According to Simon Philo, Revolver announced the arrival of the "underground London" sound, supplanting that of Swinging London. Barry Miles describes the album as an "advertisement for the underground", and recalls that it resounded on the level of experimental jazz among members of the movement, including those who soon founded the UFO Club. He says it established rock 'n' roll as an art form and identifies its "trailblazing" quality as the impetus for Pink Floyd's The Piper at the Gates of Dawn and for Brian Wilson to complete the Beach Boys' "mini-symphony", "Good Vibrations". Citing composer and producer Virgil Moorefield's book The Producer as Composer, Jay Hodgson highlights Revolver as a "dramatic turning point" in recording history through its dedication to studio exploration over the "performability" of the songs, as this and subsequent Beatles albums reshaped listeners' preconceptions of a pop recording. In his review for Pitchfork, Plagenhoef says that the album not only "redefin[ed] what was expected from popular music", but recast the Beatles as "avatars for a transformative cultural movement". MacDonald cites Revolver as a musical statement that, further to the Rubber Soul track "The Word" and "Rain", helped guide the counterculture towards the 1967 Summer of Love due to the widespread popularity of the Beatles.
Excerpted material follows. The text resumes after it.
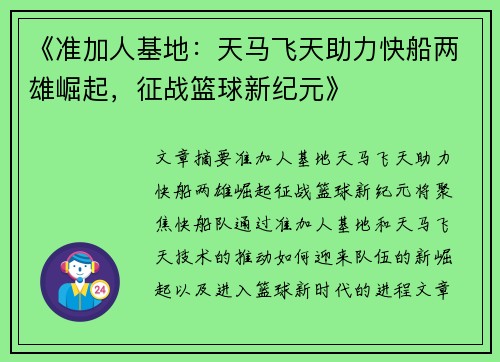 《准加人基地：天马飞天助力快船两雄崛起，征战篮球新纪元》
Revolver has been recognised as having inspired new subgenres of music, anticipating electronica, punk rock, baroque rock and world music, among other styles. According to Rolling Stone, the album "signaled that in popular music, anything – any theme, any musical idea – could now be realized". Through the Beatles' example, psychedelia moved from its underground roots into the mainstream, thereby originating the longer-lasting psychedelic pop style. Russell Reising and Jim LeBlanc credit the songs on Revolver with "set[ting] the stage for an important subgenre of psychedelic music, that of the messianic pronouncement". As with Rubber Soul, Walter Everett views the album's "experimental timbres, rhythms, tonal structures, and poetic texts" as the inspiration for many of the bands that formed the progressive rock genre in the early 1970s. He also considers Revolver to be "an innovative example of electronic music" as much as it broke new ground in pop by being "fundamentally unlike any rock album that had preceded it". (Note: While recognising it as the inspiration for the Moody Blues' 1968 album In Search of the Lost Chord, Everett says that Revolvers most profound influence on the Beatles' contemporaries was through "its general emancipation from Western pop norms of melody, harmony, instrumentation, formal structure, rhythm, and engineering".) Rolling Stone attributes the development of the Los Angeles and San Francisco music scenes, including subsequent releases by the Beach Boys, Love and the Grateful Dead, to the influence of Revolver, particularly "She Said She Said".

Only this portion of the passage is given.